Shall reap also sparingly. Shall reap in proportion to what he sowed. This every one knows is true in regard to grain that is sowed. It is also no less true in regard to deeds of charity. The idea is, that God will bestow rewards in proportion to what is given. These rewards may refer to results in this life, or to the rewards in heaven, or both. All who have ever been in the habit of giving liberally to the objects of benevolence can testify that they have lost nothing, but have reaped in proportion to their liberality. This follows in various ways.
(1.) In the comfort and peace which results from giving. If a man wishes to purchase happiness with his gold, he can secure the most by bestowing it liberally on objects of charity. It will produce him more immediate peace than it would to spend it in sensual gratifications, and far more than to hoard it up useless in his coffers.
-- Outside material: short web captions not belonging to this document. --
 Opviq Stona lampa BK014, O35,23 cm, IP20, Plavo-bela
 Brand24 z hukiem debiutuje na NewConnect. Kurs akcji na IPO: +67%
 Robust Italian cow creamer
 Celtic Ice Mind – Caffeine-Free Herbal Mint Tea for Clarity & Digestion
(2.) In reflection on it hereafter. It will produce more happiness in remembering that he has done good with it, and promoted the happiness of others, than it will to reflect that he has hoarded up useless wealth, or that he has squandered it in sensual gratification. The one will be unmingled pleasure when he comes to die; the other will be unmingled self-reproach and pain.
(3.) In subsequent life, God will in some way repay to him far more than he has bestowed in deeds of charity. By augmented prosperity, by health and future comfort, and by raising up for us and our families, when in distress and want, friends to aid us, God can and often does abundantly repay the liberal for all their acts of kindness and deeds of beneficence.
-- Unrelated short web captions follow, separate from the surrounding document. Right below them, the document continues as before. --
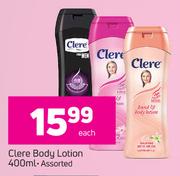 Clear Body Lotion-400ml Each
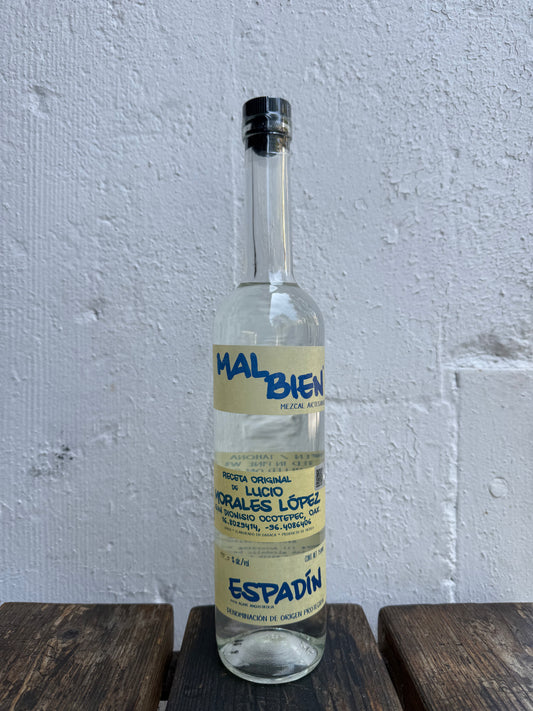 Mal Bien Mezcal White Tape Espadín (Morales)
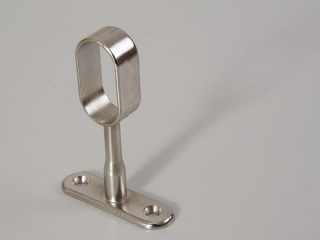 GARDRÓB - VÁLLFATARTÓ RÚD 12109 RÚDTARTÓ OVÁLIS RÚDHOZ L:71mm NIKKEL #1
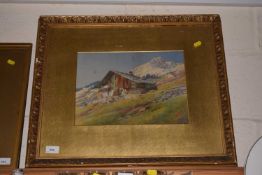View of an Alpine Lodge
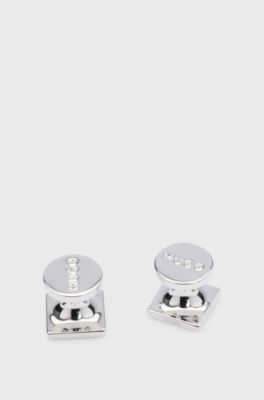 Square cufflinks, Dark Blue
(4.) God can and will reward his people in heaven abundantly for all their kindness to the poor, and all their self-denials in endeavouring to diffuse the influence of truth and the knowledge of salvation. Indeed, the rewards of heaven will be in no small degree apportioned in this manner, and determined by the amount of benevolence which we have shown on earth. See Mt 25:34-40. On all accounts, therefore, we have every inducement to give liberally. As a farmer who desires an ample harvest scatters his seed with a liberal hand; as he does not grudge it though it falls into the earth; as he scatters it with the expectation that in due time it will spring up and reward his labours, so should we give with a liberal hand to aid the cause of benevolence; nor should we deem what we give to be lost or wasted though we wait long before we are recompensed, or though we should be in no other way rewarded than by the comfort which arises from the act of doing good.